Furthermore, the recent COVID-19 pandemic has undoubtedly contributed to an increase in the cases of anxiety (47%), depression (45%) and sleep disorders (34%), as reported in a recent meta-analysis3, also leading to significant repercussions on healthcare costs.

Insomnia in the elderly

As we age, the cases of sleep disorders increase significantly, impacting 40-50% of people aged over 60. The main symptom among the elderly is less time spent sleeping, above all with regard to deep sleep, as well as less effective sleep itself. If insomnia already has a negative effect on the quality of life among younger people, the problems due to sleep disorders among the elderly become even more serious, exposing them to increased risk of falls due to loss of balance, the risk of cognitive deterioration, with loss of short-term memory and delayed reaction times, in addition to the progressive weakening of physical functions.4

Counter-indications of pharmacological treatments for insomnia

The quickest and most practical solution for insomnia is often thought to be the use of specific medicines for sleep disorders. However, although the pharmacological treatment of insomnia includes a broad spectrum of medicinal products that differ greatly from one another, it is also worth noting how at the Sleep Disorder Conference5 of the American National Institute of Health, top experts in the sector declared that the medicines commonly used to treat insomnia actually carry more risks than benefits. It is also worth highlighting how these medicinal products are not recommended for elderly patients, given the high number of contra-indications related to possible underlying health conditions.

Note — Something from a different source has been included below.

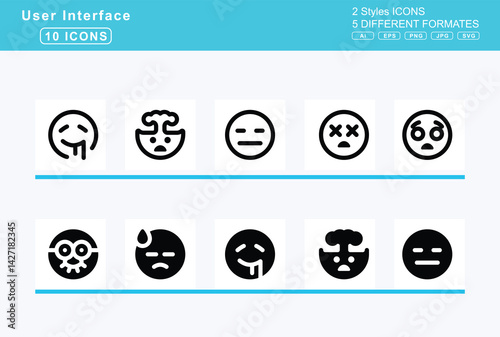 Set of 5 solid user interface icons,face, beam, hand, over, mouth, confounded, confused, cowboy, hat, disappointed
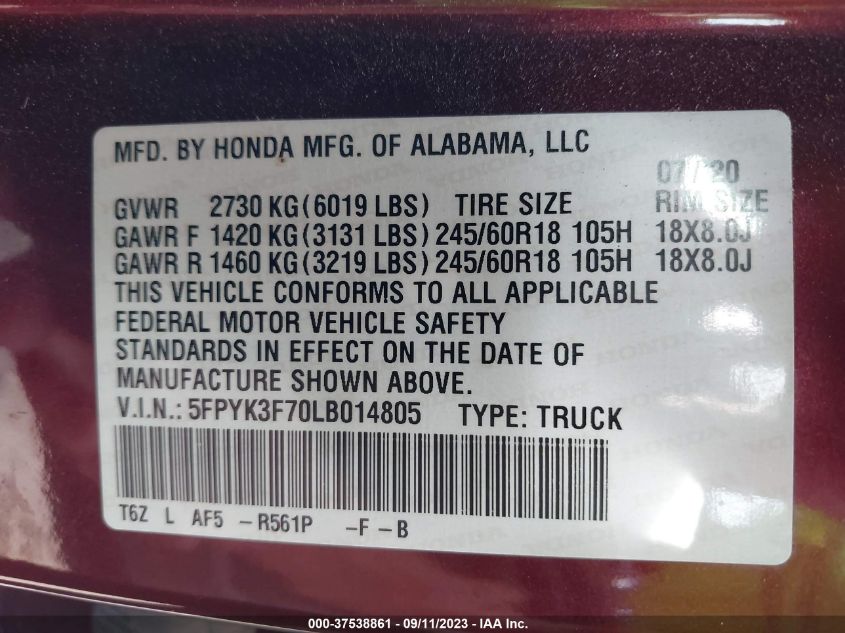 2020 HONDA RIDGELINE RTL-E - 5FPYK3F70LB014805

How magnesium acts on our brain and on sleeping/waking cycles

Among the most common non-pharmacological remedies for treating sleep disorders is undoubtedly magnesium.

Among the many functions of magnesium is its important role in maintaining the correct electrical activity of the brain, by controlling the balance of glutamate and GABA. Glutamate is the main excitatory neurotransmitter present in our central nervous system, whereas GABA is the main inhibitory neurotransmitter. Like all other neurotransmitters, it is essential that they are kept in balance with one another: an excess of one or the other can lead to serious morphological and functional alterations that then impact our mental health, and insomnia may represent one of these. Magnesium ions act as an agonist of the GABA, increasing the inhibitory effect of this neurotransmitter. Vice versa it is an antagonist of glutamate and thus counters its excitatory effect. This dual action of magnesium leads to an overall effect of relaxation of the central nervous system, which makes it useful in mild states of anxiety and insomnia.

Numerous scientific studies confirm that a daily supplement of magnesium can have beneficial effects on the management of sleep disorders, also among the elderly, increasing the sleep time and efficiency, while reducing the time taken to fall asleep.6



  1. Mencacci C. et al. Gender and sleep disorders. Italian multicentric study and qualitative research. Journal of Psychopathology. 2013: 375-382.
  2. Tsuno N. et al. Sleep and depression. J Clin Psychiatry. 2005 Oct;66(10):1254-69.
  3. Deng J. et al. The prevalence of depression, anxiety, and sleep disturbances in COVID-19 patients: a meta-analysis. Ann N Y Acad Sci. 2021 Feb;1486(1):90-111.
  4. Serrano-Checa R, et al. Sleep Quality, Anxiety, and Depression Are Associated with Fall Risk Factors in Older Women. Int J Environ Res Public Health. 2020 Jun 5;17(11):4043.
  5. NIH State-of-the-Science Conference Statement on manifestations and management of chronic insomnia in adults. NIH Consens State Sci Statements. 2005 Jun 13-15;22(2):1-30.
  6. Abbasi B, et al. The effect of magnesium supplementation on primary insomnia in elderly: A double-blind placebo-controlled clinical trial. J Res Med Sci. 2012 Dec;17(12):1161-9.